Ashby asked who in the crowd thought they might experience the impostor syndrome in their daily life. She said she used to deal with its effects often and said compliments can hurt with imposter syndrome.

“I’m thinking, oh my God, they think I can do this, and then … it’s pain. I laugh about this a lot because it’s actually painful,” she said.

Ashby tried to give audience members a few key ways to cope with impostor syndrome.

“One of the first things you have to do is not to walk around with this and not tell anybody,” she said. “You’re going to need some friends. No, no, no, I’m talking about real friends. Trusted friends. They will validate your feelings, but not your incorrect thinking.”

Ashby said it's normal for people to doubt themselves.

“Doubt does not make you a fraud,” she said.

As she learned about impostor syndrome, Ashby said she learned the importance of building up self-esteem and seeking validation from within by celebrating the small, good things in life.
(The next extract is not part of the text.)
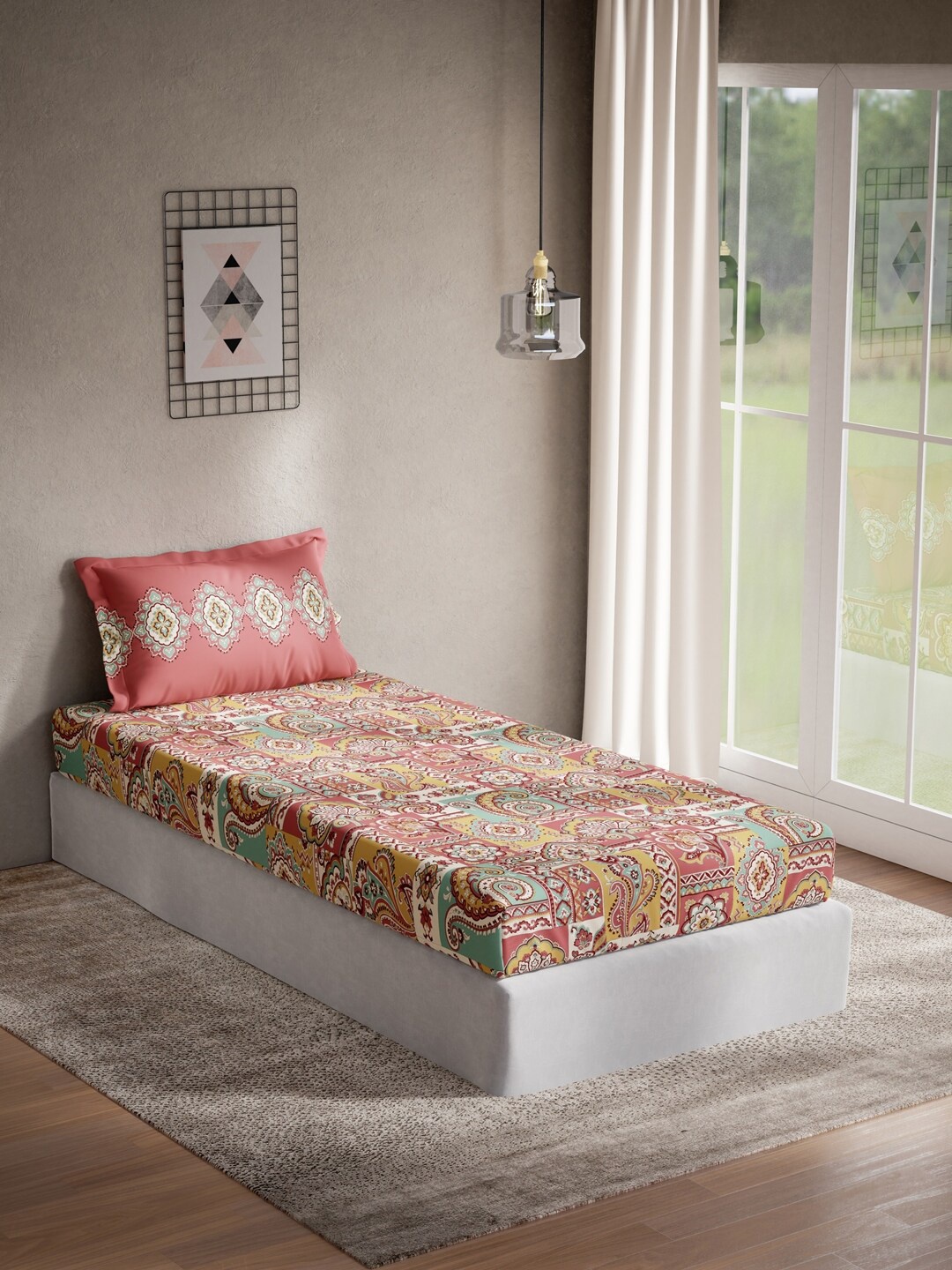 

DDecor Red & Green Ethnic Motifs 144 TC Cotton Single Bedsheet with 1 Pillow Cover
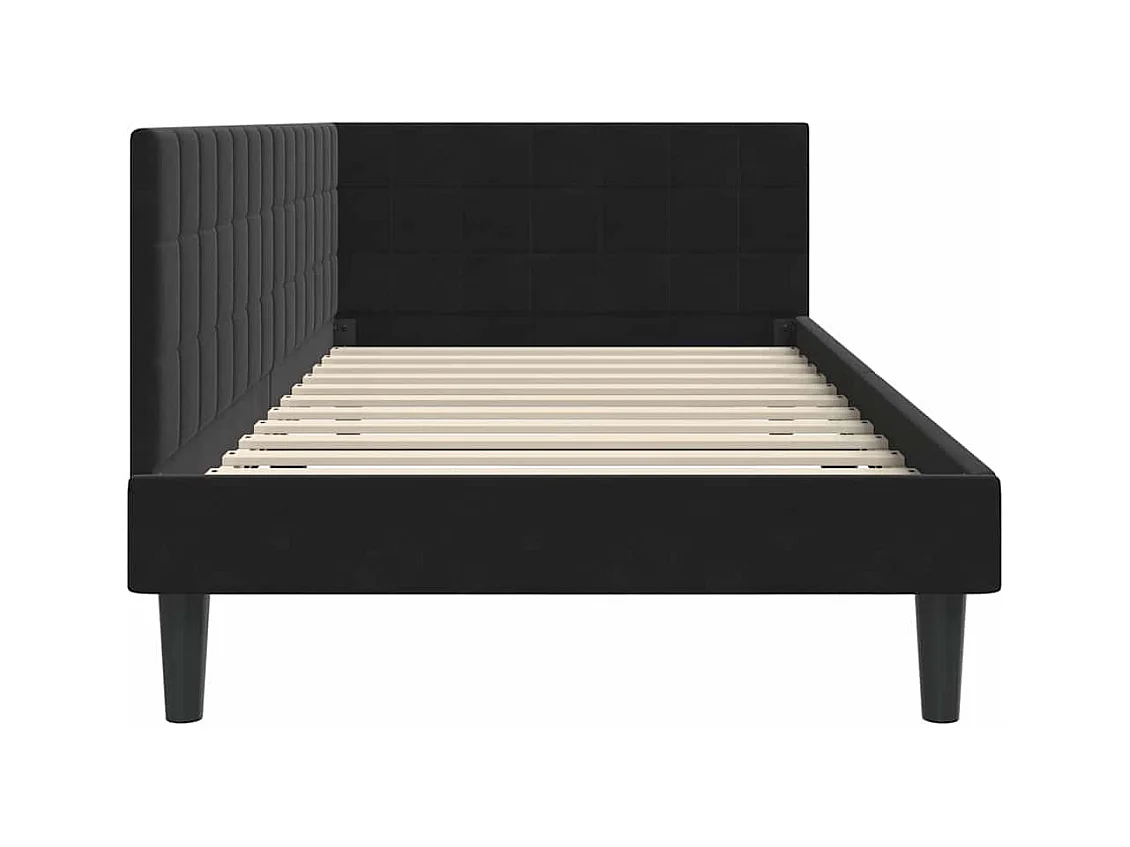 Cadre de lit d'angle avec tête de lit Noir 100 x 200 cm Velours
“As the dean, I am in charge of the chair of the department of physics,” she said. “I got a C in physics. Perfect[ion] is not required. When I would get my C+ on a physics exam, I should have been dancing! That’s a small good thing.”

When things go awry, Ashby said it’s important to let go of the mistakes as they come. She said people dealing with impostor syndrome often feel like they should have mastered everything already, but it’s just not possible and mistakes happen no matter what you do.

“You are not the mistake, she said. “You made a mistake. If you’re not making mistakes, you’re not doing anything. Nothing risky, nothing cutting edge, nothing creative. It can’t go perfectly.”

While undergraduate and graduate students often fall prone to overcommitting, Ashby gave advice on how to combat the urge to take every opportunity given. She said that although high achievers can do many things well, it’s important to only do the things that are great for you right now.

“I start with a blank calendar, and I put everything that is required for my self-care on first,” she said. “If we put ourselves on the calendar, you treat yourself like an appointment. I have an appointment with me. Because people will always want more from you than you can give.”

Ultimately, Ashby said dealing with the effects of impostor syndrome is important not only for yourself but also your friends and family.

“I love my life. There are a lot of people counting on me,” she said. “If I don’t take care of me, I have nothing to give them.”